[Stored items from a collection]
----------------
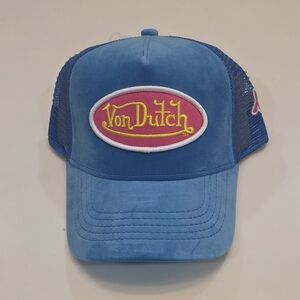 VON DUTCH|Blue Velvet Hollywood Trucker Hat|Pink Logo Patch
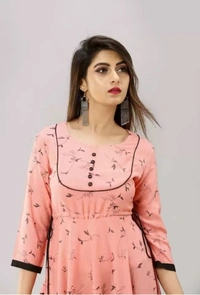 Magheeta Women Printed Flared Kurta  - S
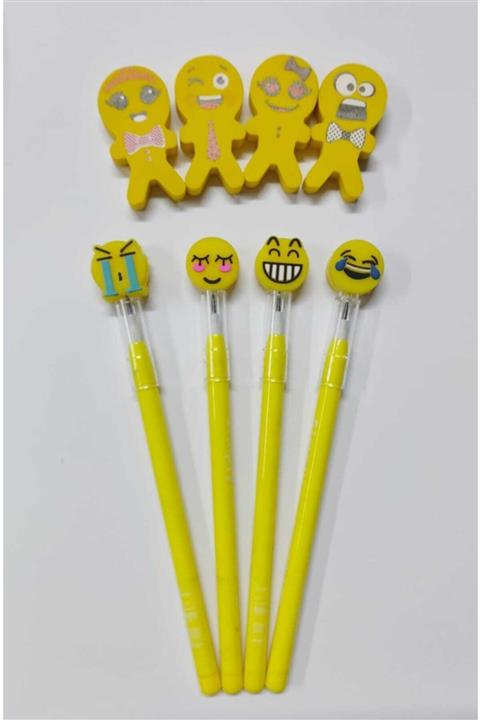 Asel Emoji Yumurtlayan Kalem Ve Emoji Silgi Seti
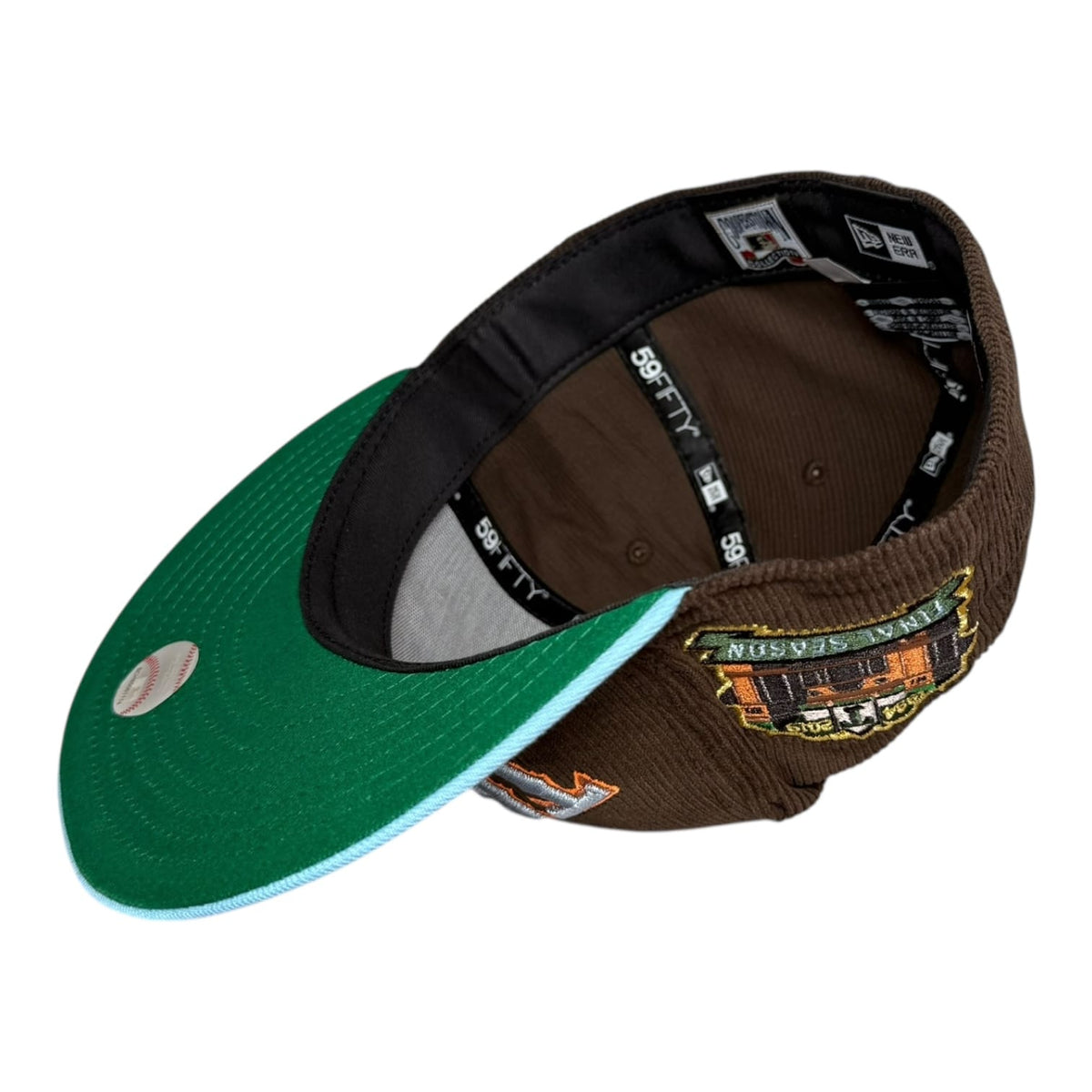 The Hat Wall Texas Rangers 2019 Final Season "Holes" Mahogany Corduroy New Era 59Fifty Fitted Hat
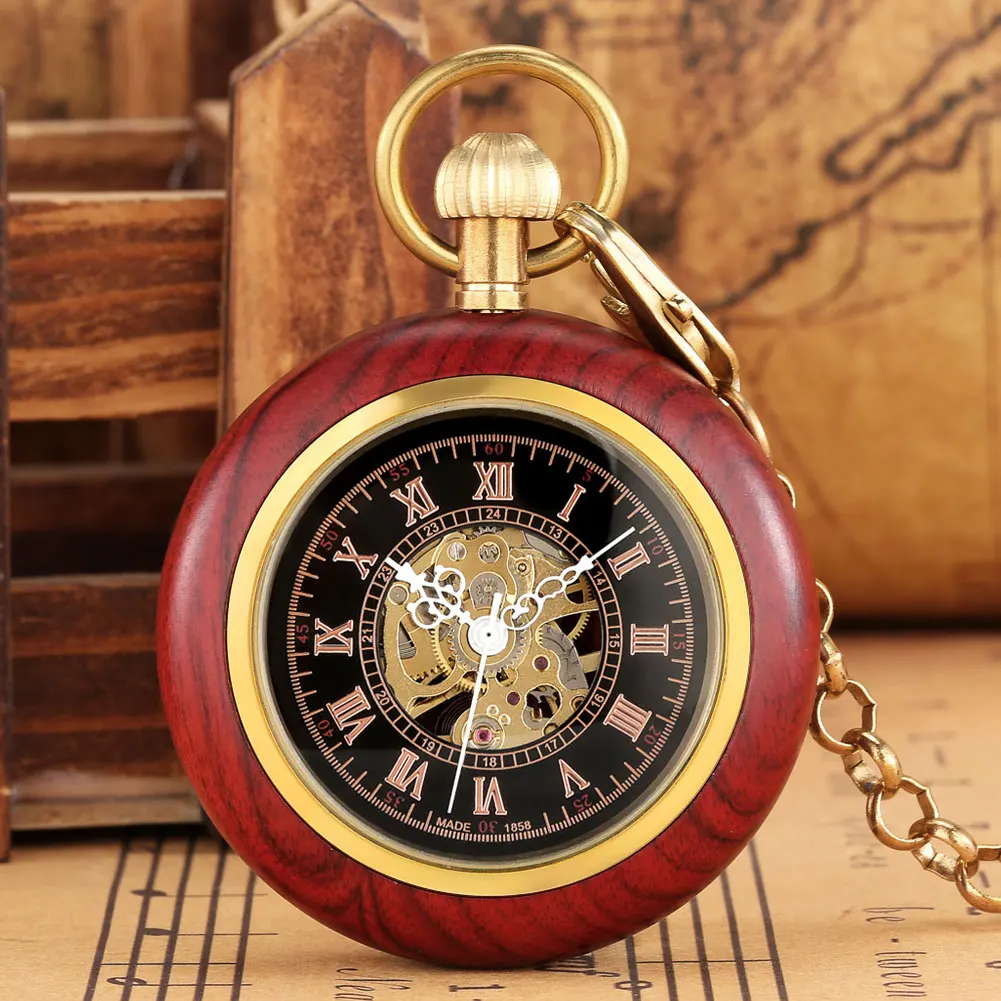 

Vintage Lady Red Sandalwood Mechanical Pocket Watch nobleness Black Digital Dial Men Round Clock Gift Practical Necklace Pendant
----------------
**Directions**
Every line above has to be output exactly; the pictures must be dropped.

**Exercise solution**
 VON DUTCH|Blue Velvet Hollywood Trucker Hat|Pink Logo Patch
 Magheeta Women Printed Flared Kurta  - S
 Asel Emoji Yumurtlayan Kalem Ve Emoji Silgi Seti
 The Hat Wall Texas Rangers 2019 Final Season "Holes" Mahogany Corduroy New Era 59Fifty Fitted Hat

Vintage Lady Red Sandalwood Mechanical Pocket Watch nobleness Black Digital Dial Men Round Clock Gift Practical Necklace Pendant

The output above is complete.